Short descriptive text snippets
——————

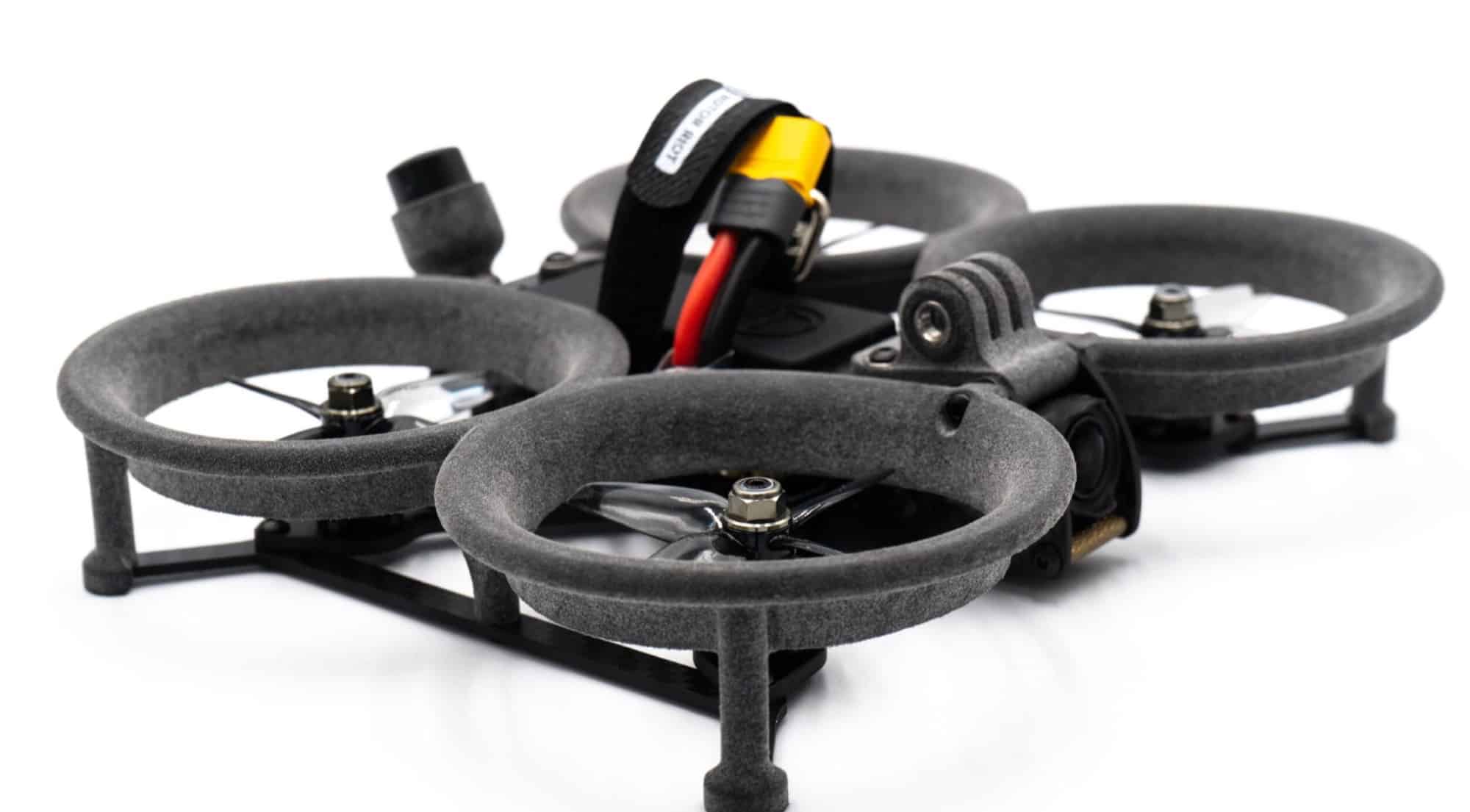 Low angle on the SkyLite cinewhoop showing its gray 3D-printed propeller ducts.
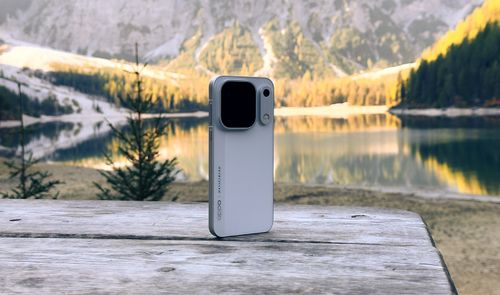 Parte trasera de un teléfono OPPO Find X10 Pro Max sobre una mesa de madera con un lago y montañas de fondo.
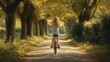 © phattharabodin - A young girl riding her bike down a tree-lined path, her hair flowing in the breeze.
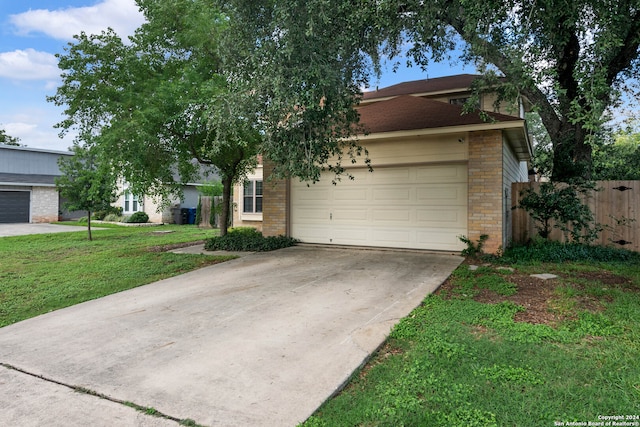 view of front of property with a garage and a front lawn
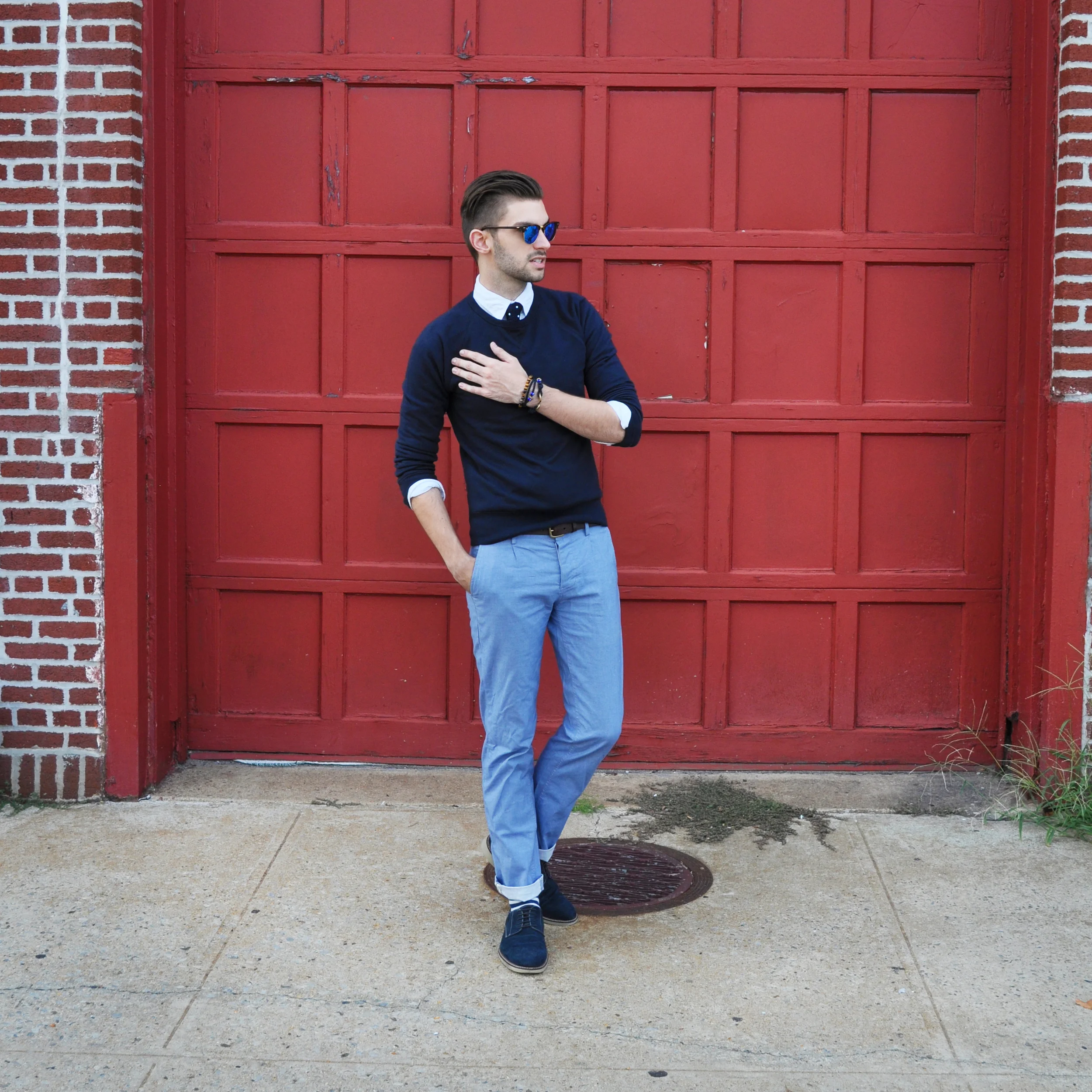 I have started to think of my personal style as "elevated activewear", somewhere in between street style and dapper duds. I love sweatshirts, tees and denim, but usually find a way to polish them up a bit. I'm a visual merchandiser so I live a pretty physically active life. Always on the go and ready to build, climb, paint or style. I'd love to wear a blazer everyday but it just isn't practical. Sweatshirts over shirts keep me cool and polished yet ready for whatever life is ready to throw my way. There's something so striking about wearing one color head to toe. A subtle art is required when combining different hues so you don't look like a children's TV character but if you get it just right, you'll turn heads in all the right ways. It requires savvy styling. I'm all about Indigo and chambray so blue was an obvious option. The white shirt makes the look crisp and the tie ads just the right amount of pattern. Just pick a color and run with it! How would you describe your personal style? Dapper or Street? Rugged or polished? Club Monaco sweatshirt / J-Crew shirt / Ben Sherman chambray trousers ( similar ) / The Tie Bar tie / Ray-Ban sunglasses / J-crew socks / Banana Republic shoes / Giles & Brother s-hook bracelet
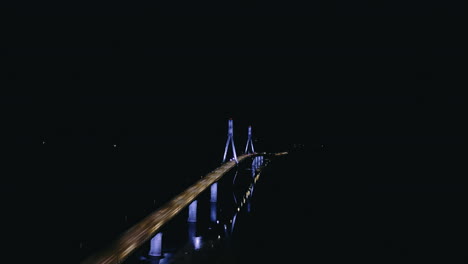 Puente-Atirantado-Vacío-Por-La-Noche,-Vista-Aérea-De-Drones,-Luz-Azul-Iluminada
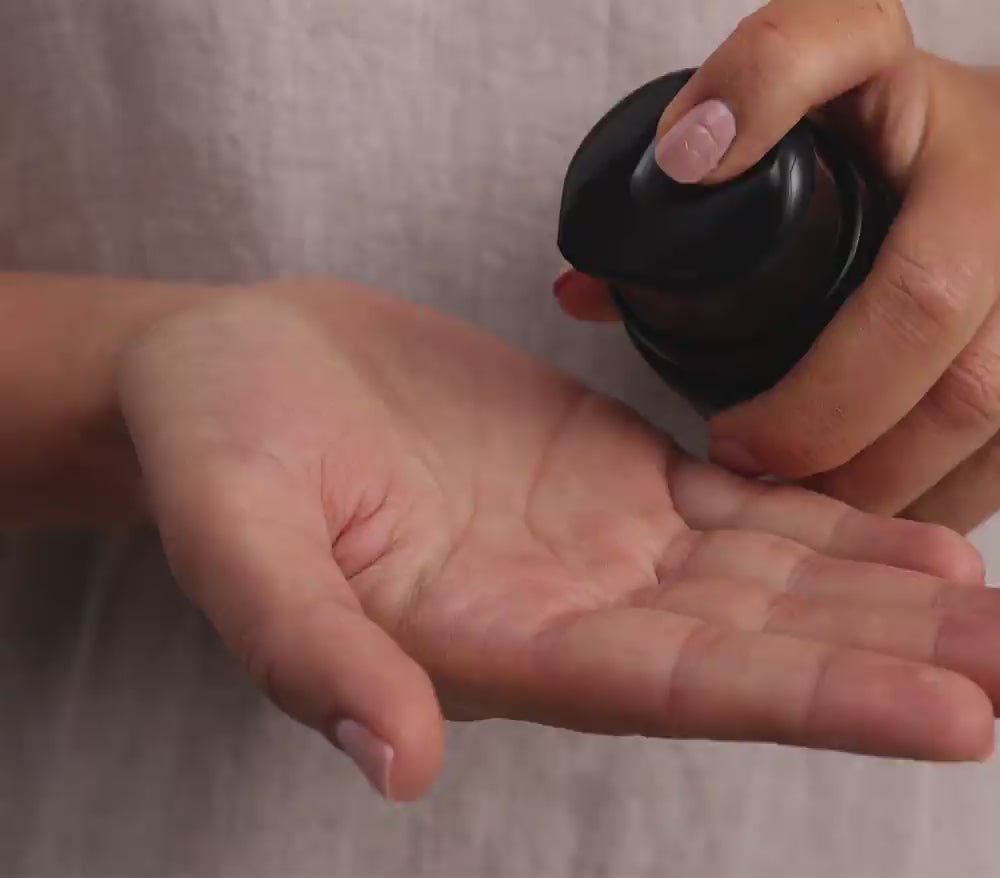 Skincare model is applying TriDration B to face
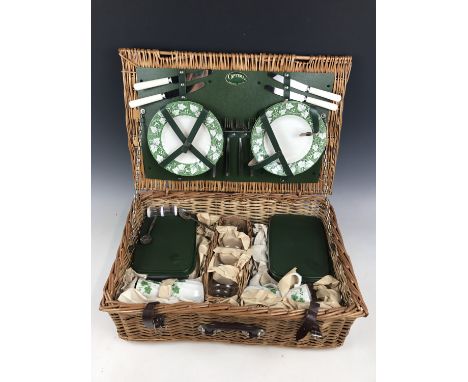 A traditional Optima wicker picnic hamper with crockery etc.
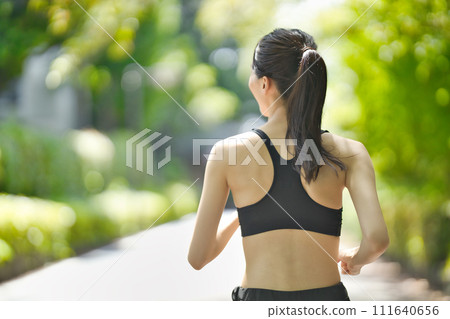 Rear view of a young woman in sportswear running in the greenery Rear view of a young woman in sportswear running in the greenery 111640656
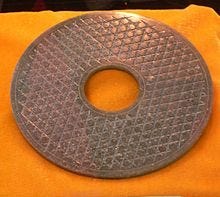 A bronze colored disk with a snake-scale pattern and a hole in the center.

——————

The task | Transcribe all the records above word for word, without their images.

Exercise result |
 Low angle on the SkyLite cinewhoop showing its gray 3D-printed propeller ducts.
 Parte trasera de un teléfono OPPO Find X10 Pro Max sobre una mesa de madera con un lago y montañas de fondo.
 © phattharabodin - A young girl riding her bike down a tree-lined path, her hair flowing in the breeze.
 view of front of property with a garage and a front lawn
 I have started to think of my personal style as "elevated activewear", somewhere in between street style and dapper duds. I love sweatshirts, tees and denim, but usually find a way to polish them up a bit. I'm a visual merchandiser so I live a pretty physically active life. Always on the go and ready to build, climb, paint or style. I'd love to wear a blazer everyday but it just isn't practical. Sweatshirts over shirts keep me cool and polished yet ready for whatever life is ready to throw my way. There's something so striking about wearing one color head to toe. A subtle art is required when combining different hues so you don't look like a children's TV character but if you get it just right, you'll turn heads in all the right ways. It requires savvy styling. I'm all about Indigo and chambray so blue was an obvious option. The white shirt makes the look crisp and the tie ads just the right amount of pattern. Just pick a color and run with it! How would you describe your personal style? Dapper or Street? Rugged or polished? Club Monaco sweatshirt / J-Crew shirt / Ben Sherman chambray trousers ( similar ) / The Tie Bar tie / Ray-Ban sunglasses / J-crew socks / Banana Republic shoes / Giles & Brother s-hook bracelet
 Puente-Atirantado-Vacío-Por-La-Noche,-Vista-Aérea-De-Drones,-Luz-Azul-Iluminada
 Skincare model is applying TriDration B to face
 A traditional Optima wicker picnic hamper with crockery etc.
 Rear view of a young woman in sportswear running in the greenery Rear view of a young woman in sportswear running in the greenery 111640656
 A bronze colored disk with a snake-scale pattern and a hole in the center.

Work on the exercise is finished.